= Danny Simon =

American screenwriter (1918–2005)

Danny Simon

Daniel Simon (December 18, 1918, The Bronx, New York - July 26, 2005, Portland, Oregon) was an American television writer and comedy teacher. He was the inspiration for the character of Felix Unger in his brother Neil Simon's play, The Odd Couple.

==Biography==
The older brother of playwright Neil Simon, he wrote comedy with his brother in the 1940s and 1950s.

As a writing team the brothers wrote for Buddy Hackett, Jan Murray and Phil Silvers and also wrote for radio and television shows such as Broadway Open House, The Red Buttons Show, The Jackie Gleason Show and Your Show of Shows until 1954 when Neil left the partnership to write plays.

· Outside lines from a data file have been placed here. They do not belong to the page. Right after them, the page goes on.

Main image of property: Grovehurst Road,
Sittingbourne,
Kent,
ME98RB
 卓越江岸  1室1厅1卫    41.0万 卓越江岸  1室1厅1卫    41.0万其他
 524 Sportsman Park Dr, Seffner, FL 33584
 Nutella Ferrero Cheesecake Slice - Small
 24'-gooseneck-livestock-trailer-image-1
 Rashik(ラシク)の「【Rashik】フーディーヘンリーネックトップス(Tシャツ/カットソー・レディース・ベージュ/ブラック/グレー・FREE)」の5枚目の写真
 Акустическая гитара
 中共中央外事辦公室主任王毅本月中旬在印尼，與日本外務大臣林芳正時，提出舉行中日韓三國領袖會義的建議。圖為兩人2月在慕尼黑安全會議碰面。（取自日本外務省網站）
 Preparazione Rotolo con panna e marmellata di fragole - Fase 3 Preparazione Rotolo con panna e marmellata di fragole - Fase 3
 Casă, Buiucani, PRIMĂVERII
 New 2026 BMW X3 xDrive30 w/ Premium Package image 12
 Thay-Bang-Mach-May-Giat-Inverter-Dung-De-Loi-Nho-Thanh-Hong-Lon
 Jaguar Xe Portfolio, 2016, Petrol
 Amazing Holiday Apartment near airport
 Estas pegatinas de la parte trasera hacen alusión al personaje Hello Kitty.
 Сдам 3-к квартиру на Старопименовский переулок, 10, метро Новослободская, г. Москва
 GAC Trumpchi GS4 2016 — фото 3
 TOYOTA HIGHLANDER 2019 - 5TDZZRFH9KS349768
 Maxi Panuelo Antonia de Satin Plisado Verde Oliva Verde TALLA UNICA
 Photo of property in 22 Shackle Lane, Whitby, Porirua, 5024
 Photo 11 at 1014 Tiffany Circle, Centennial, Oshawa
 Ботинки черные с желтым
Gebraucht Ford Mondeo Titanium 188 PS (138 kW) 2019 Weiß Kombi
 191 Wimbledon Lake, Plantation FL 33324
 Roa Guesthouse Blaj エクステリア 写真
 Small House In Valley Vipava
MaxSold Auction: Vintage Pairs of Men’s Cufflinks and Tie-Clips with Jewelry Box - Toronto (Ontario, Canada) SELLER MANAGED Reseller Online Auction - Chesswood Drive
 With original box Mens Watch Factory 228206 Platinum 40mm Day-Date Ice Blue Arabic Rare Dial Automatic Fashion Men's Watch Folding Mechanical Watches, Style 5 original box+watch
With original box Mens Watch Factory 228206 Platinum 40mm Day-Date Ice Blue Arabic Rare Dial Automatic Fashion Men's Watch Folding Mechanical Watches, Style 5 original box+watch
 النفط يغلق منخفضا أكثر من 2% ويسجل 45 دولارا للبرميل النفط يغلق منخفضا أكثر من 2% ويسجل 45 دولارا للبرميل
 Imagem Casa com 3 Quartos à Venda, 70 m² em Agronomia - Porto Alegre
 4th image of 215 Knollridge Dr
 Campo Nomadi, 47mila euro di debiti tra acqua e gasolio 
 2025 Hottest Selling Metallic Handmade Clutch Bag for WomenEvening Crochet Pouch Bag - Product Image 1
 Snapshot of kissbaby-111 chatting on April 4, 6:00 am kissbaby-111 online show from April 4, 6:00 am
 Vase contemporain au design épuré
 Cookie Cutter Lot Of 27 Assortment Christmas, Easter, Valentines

As a solo writer, Danny became head writer of The Colgate Comedy Hour and then Make Room for Daddy. He also wrote for The Phil Silvers Show, Kraft Music Hall, My Three Sons, The Mac Davis Show, The Carol Burnett Show, Diff'rent Strokes, and The Facts of Life and also wrote jokes for Joan Rivers for her appearances as guest host of the Tonight Show Starring Johnny Carson. He later became a comedy teacher.

Danny Simon came up with the idea for The Odd Couple from his own experience from 1961 to 1963 when, while divorcing his wife, he shared an apartment with Hollywood agent Roy Gerber, whose wife had left him. Struggling after writing 14 pages of a first draft, he asked his brother Neil, who had expressed interest in the idea, to write it instead. Danny Simon received one-sixth of the royalties but was irritated at not receiving a "from an idea by Danny Simon" credit. Its success caused the brothers to become estranged for a decade.

Danny Simon also directed several Off-Broadway productions of his brother's plays and was the inspiration for characters in various Neil Simon plays such as Come Blow Your Horn, The Odd Couple, Plaza Suite, Chapter Two, Brighton Beach Memoirs and Broadway Bound, leading him to joke “There have been more plays written about me than about Abraham Lincoln, Joan of Arc and Julius Caesar all put together." He also contributed sketches to the Broadway stage revues New Faces of 1956 and Catch a Star.

==Quotations==
Woody Allen said about Simon, "I've learned a couple of things on my own since and modified things he taught me, but everything, unequivocally, that I learned about comedy writing I learned from him".

Jimmy Boyd, "Being around Danny always makes me and everyone else happy. He is always up and positive, and he sees humor in absolutely everything. It is endless funny one-liners. In rehearsal I could read the same comedy line a hundred times, and Danny would be laughing".

==Personal life and death==
Simon was married to Arlene Friedman from 1953 to 1962. The couple had two children, Michael Howard Simon and Valerie Jeanne Simon (died 2009). In 2011, Michael Simon was appointed by President Barack Obama to be a judge on the United States District Court for the District of Oregon.

Danny Simon died of heart failure in 2005 at age 86 at the Robison Jewish Health Center in Portland, Oregon. He had also suffered a stroke.